R. C. 1311.05 provides, in relevant part:

“Any person, furnishing machinery, material, or fuel, or performing labor of any kind, as provided in sections 1311.02 to 1311.04, inclusive, of the Revised Code, whose name has been omitted from the sworn statement or affidavit given by the contractor or subcontractor, may serve on the owner, part owner, or lessee of the premises, or his agent, a notice in writing, which notice shall be such as will inform the owner, part owner, or lessee of the premises or his agent, of the nature of the machinery, material, or fuel furnished, or to be furnished, or labor performed, or to be performed, the amount due or to become due therefor, and a description of the premises where furnished, with the street and number, if such owner, part owner, or lessee, resides in, or has a known agent in the county, in charge of such watercraft, or such house, mill, manufactory, furnace, building, appurtenance, fixture, bridge, structure, well, derrick, tank, or pipe line, or other construction or improvement described in sections 1311.02 and 1311.03 of the Revised Code.***

“Such notice is sufficient, if served at any time before final payment or distribution has been made in accordance with the statement under oath, as required by section 1311.04 of the Revised Code.

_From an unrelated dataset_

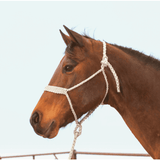 NEW! Classic Equine Braided Rope Halter with Lead - Country Scene Saddlery and Pet Supplies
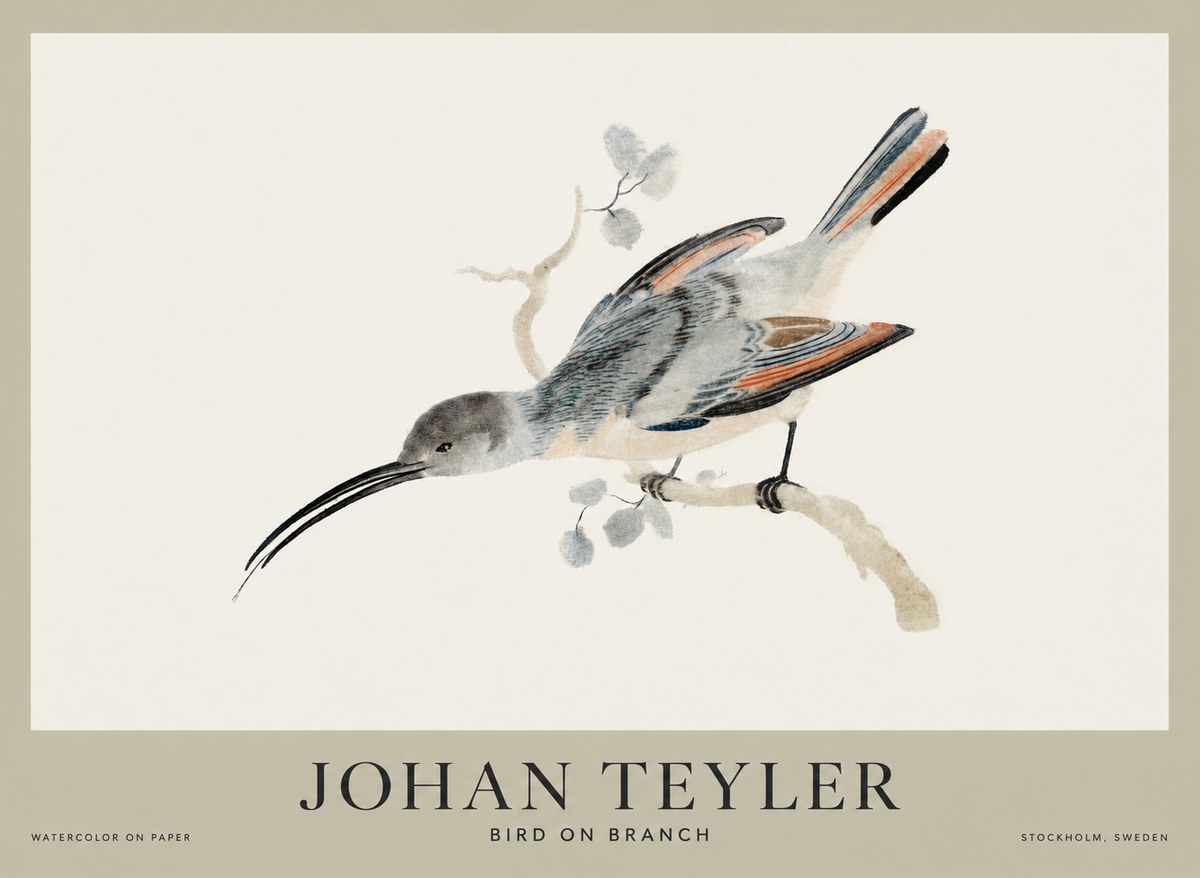 Johan Teyler Bird on Branch I No1 - Plakat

*62“The owner, part owner, or lessee who makes payment or distribution according to respective rights in the manner and form provided in this section and section 1311.04 of the Revised Code, is not liable to the subcontractors, materialmen, or laborers for any greater amount than he contracted to pay the original contractor and he may set off any damages which he sustains by reason of any failure or omission in the performance of such contract, but the risk of all payments made to the original contractor after the owner, part owner, lessee, or his authorized agent has received the notice mentioned in this section, or before the contractor has furnished him with the statement under oath as provided in section 1311.04 of the Revised Code, is upon the owner, part owner, or lessee, until the expiration of sixty days within which claims for liens may be filed, as provided in section 1311.06 of the Revised Code, and no payment made to any contractor before the expiration of said sixty days, shall defeat any lien of any subcontractor, materialman, or laborer, unless such payment has been distributed among the subcontractors, materialmen, or laborers, or if distributed in part only, then to the extent of such distribution. Where the original contractor has furnished the statements and certificates as provided in this section and section 1311.04 of the Revised Code, the owner, part owner, or lessee, may pay to such contractor out of the sum due and payable to him under his contract at the time said statements and certificates are furnished, any amount in excess of the claims and demands due from said original contractor to subcontractors, materialmen, and laborers, as shown on said statements and certificates, or as shown by notices served on such owner, part owner, or lessee, by subcontractors, materialmen, and laborers as provided in this section.

“In making said payments the owner, part owner, or lessee may assume the names and amounts set forth in said statements and certificates to be true and correct and such owner is not liable for errors or omissions of said names and amounts in such statements and certificates, unless a notice has been served as provided in this section.”